• Tiga

9.1K 479 18
                                    

"Biar, Gema aja."

Dibiarkan saja dua koper miliknya , diperhatikan dari belakang tubuhnya dan lumayan atletis juga. Kepala Jana menoleh untuk mencari objek lain kemudian tersenyum miris.

Meski hari sudah mulai sore dengan semburat jingga perasaan Jana akan terus merasa seperti tidak ada kecerahan dalam hidupnya, detik ini hingga seterusnya. Saat ijab qabul tadi, hati Jana seperti diremas. Melihat ekspresi wajah Papah yang terlihat amat puas, bahagia. Setelah itu pun, bahu Jana dipegang erat olehnya lalu berbisik tegas. "Bahagia bersama mereka, Jan."

Maksudnya apa? Menjual Jana hanya untuk perusahaan?!

Apa sih yang berputar dalam pemikiran Papah. Selain uang, uang dan keselamatan perusahaan. Abai terhadap keluarga bahkan rela saat masa depan anaknya sendiri dijadikan tumbal.

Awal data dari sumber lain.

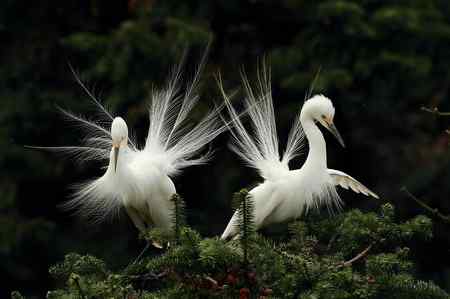 绽放的繁殖羽--象山中白鹭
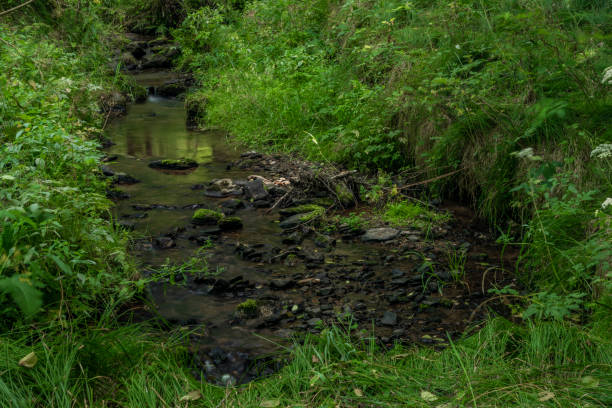 istock Mala Libava creek in summer sunny day in Slavkovsky Les mountains 1175521404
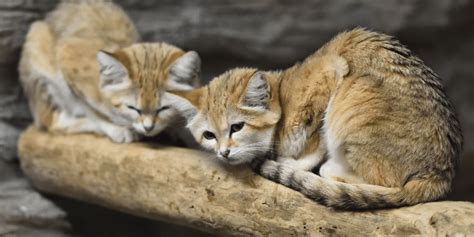 Sand Cat Habitat: Everything You Need To Know - Felidae Lifestyle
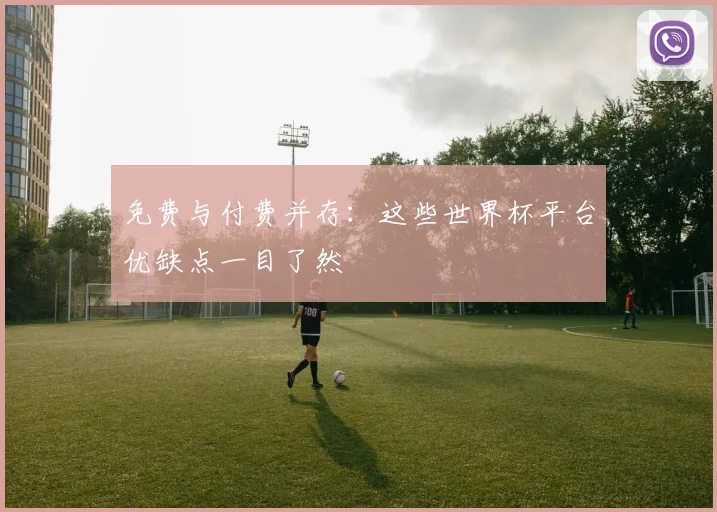 免费与付费并存：这些世界杯平台优缺点一目了然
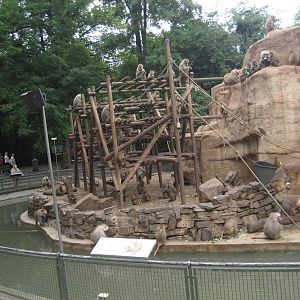 Cologne Zoo - Baboon rock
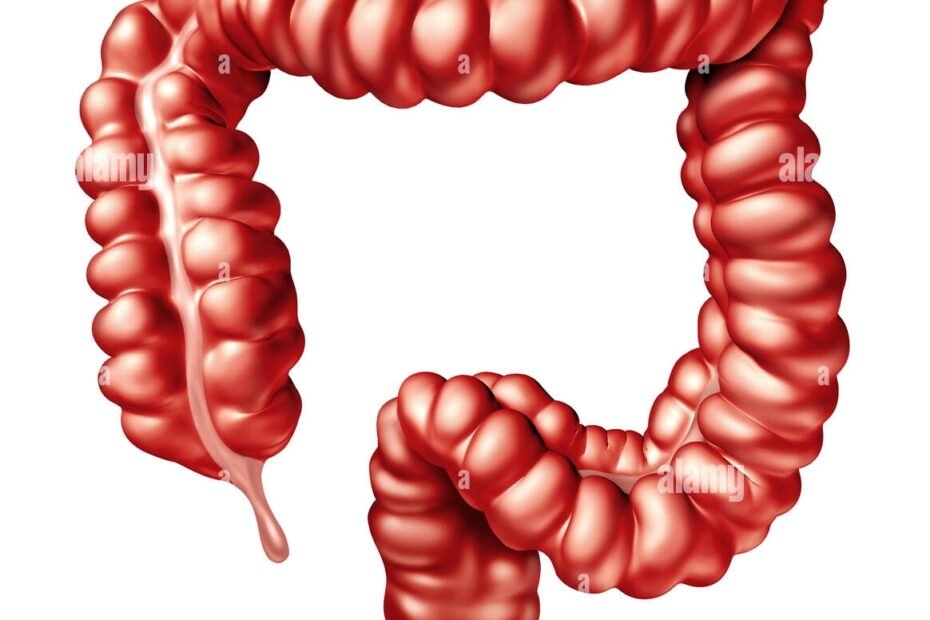 Rectum Hi res Stock Photography And Images Alamy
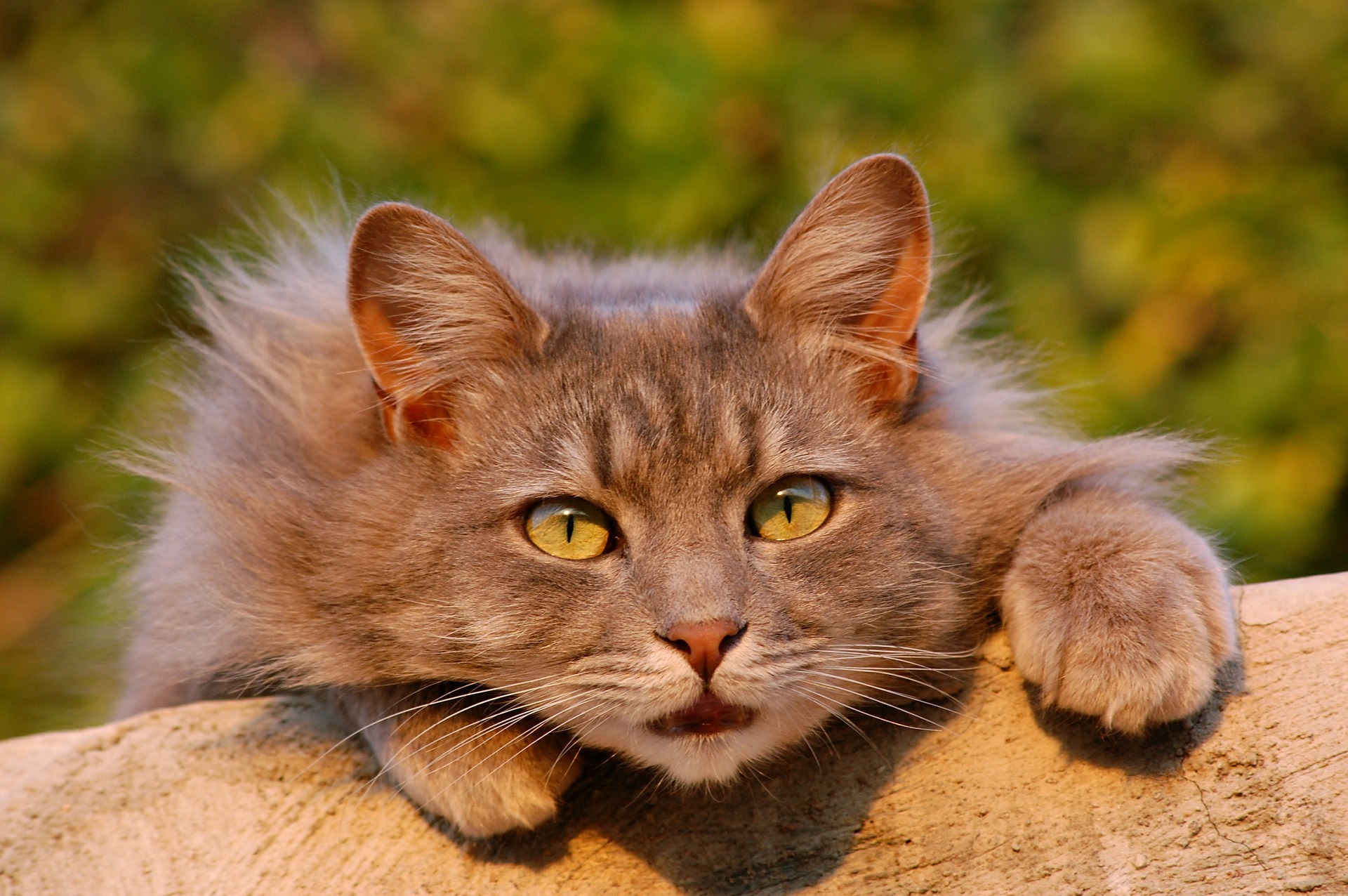 litter cat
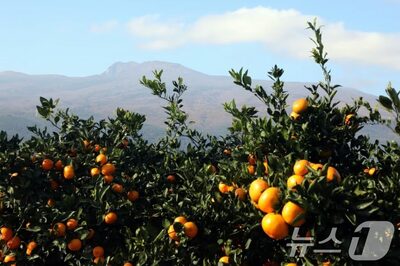 米国産「無関税ミカン」上陸で韓国・済州農家悲鳴…FTA発効15年でついに関税ゼロに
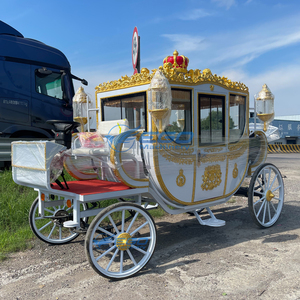 Calèche électrique personnalisée en acier pour mariages royaux et visites touristiques, capacité 6 personnes - Product Image 5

Suara pintu berdecit membuyarkan keheranan pada Papah. Jana masuk perlahan, berbalik arah maksud ingin merapatkan pintu. Takut ada yang dengar atau lihat sikap Jana pada Gema. Sejujurnya, lelaki itu baik. Tampangnya sulit diposisikan sebagai antagonis.

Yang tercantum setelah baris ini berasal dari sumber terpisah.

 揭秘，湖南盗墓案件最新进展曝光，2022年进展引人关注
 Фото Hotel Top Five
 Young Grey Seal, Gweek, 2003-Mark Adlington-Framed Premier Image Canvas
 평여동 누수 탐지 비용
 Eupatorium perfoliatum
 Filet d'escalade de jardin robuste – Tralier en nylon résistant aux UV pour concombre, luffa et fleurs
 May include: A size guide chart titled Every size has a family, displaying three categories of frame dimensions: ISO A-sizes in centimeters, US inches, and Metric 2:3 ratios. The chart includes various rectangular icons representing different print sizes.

"Jan, lo bisa taro pakaian di lemari gue."

Perkataan Gema dengan seulas senyum hanya dibalas tatapan datar.
Tarikan pada bibir itu kembali semula, membuat diam-diam Jana bersorak senang. Sungguh dia benci pernikahan konyol ini, apalagi ekspresi senyum dari lelaki itu.

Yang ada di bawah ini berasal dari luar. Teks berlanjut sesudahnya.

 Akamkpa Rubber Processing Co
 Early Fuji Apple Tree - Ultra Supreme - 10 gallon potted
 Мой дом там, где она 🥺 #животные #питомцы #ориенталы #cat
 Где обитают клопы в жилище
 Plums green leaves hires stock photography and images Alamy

Gema berdehem. "Gue mau keluar dulu," wajahnya menyiratkan tak enak hati.

Setelah tidak di kamar, Gema menarik napas kemudian membuang perlahan. Menutup mata dengan perasaan resah. Jana jelas menolaknya.  Langkah kaki menuju gazebo taman, beberapa kali menyapa pembantu dan tukang kebun yang tengah mengurus tanaman bonsai Ibu.

Pikiran Gema balik teringat raut datar nan tak berminat Jana. Sebenarnya dia kenapa. Dengan terang-terangan menerima nikah tapi gerak-gerik tak suka dikobarkan. Ketika jemari Gema masih bertengger pada dahi guna memijat kepala ponselnya bergetar.

"Gimana, Ge?"

Senyum kecut terpasang. "Ya, gitu."

Qorni masih belum puas dengan jawaban itu lantas berdecak kesal. "Gitu gimana? Tolong yang jelas."

"Udah jelas tadi."

"Matamu!Gimana woy. Gue kepo."

"Baik, kok. Doain aja."

"Ya, doa sih pasti," diseberang Qorni terdiam. "Lo harus punya pendirian."

Kepala Gema terangkat sedikit, memperhatikan awan yang bergumpalan dengan warna biru yang menenangkan mata. Sebagai penutup telepon dia bersuara. "Iya."

::


Jana sangat gugup, pembantu keluarga ini sudah pergi setelah memberitahu bahwa akan ada makan malam bersama. Di depan kaca, raut kaku terpampang jelas. Pastinya gugup melanda. Wajar sebab ini pertama kalinya Jana berkumpul dekat dengan mertua, mana lelaki itu belum terlihat batang hidungnya.

Seusai shalat isya Jana tadinya berencana ingin membuka buku kemudian terlelap dalam-dalam berharap tidak bangun lagi. Namun, di sisi lain Jana cukup sadar hidupnya masih berlumur dosa.

Derit pintu berhasil mengalihkan perhatian, melihat Gema Ia langsung bangkit diri. "Di suruh makan malam."

Lelaki itu masih terdiam, beku, lebih tepatnya terkesiap. Pertama kali menatap perempuan tanpa kerudung dengan status halal. Rahang kokoh serta mata tajam yang kini menelisik itu tidak membuyarkan pandangan. Baru saat Jana mengeluarkan namanya dengan nada tinggi, Gema tersadar.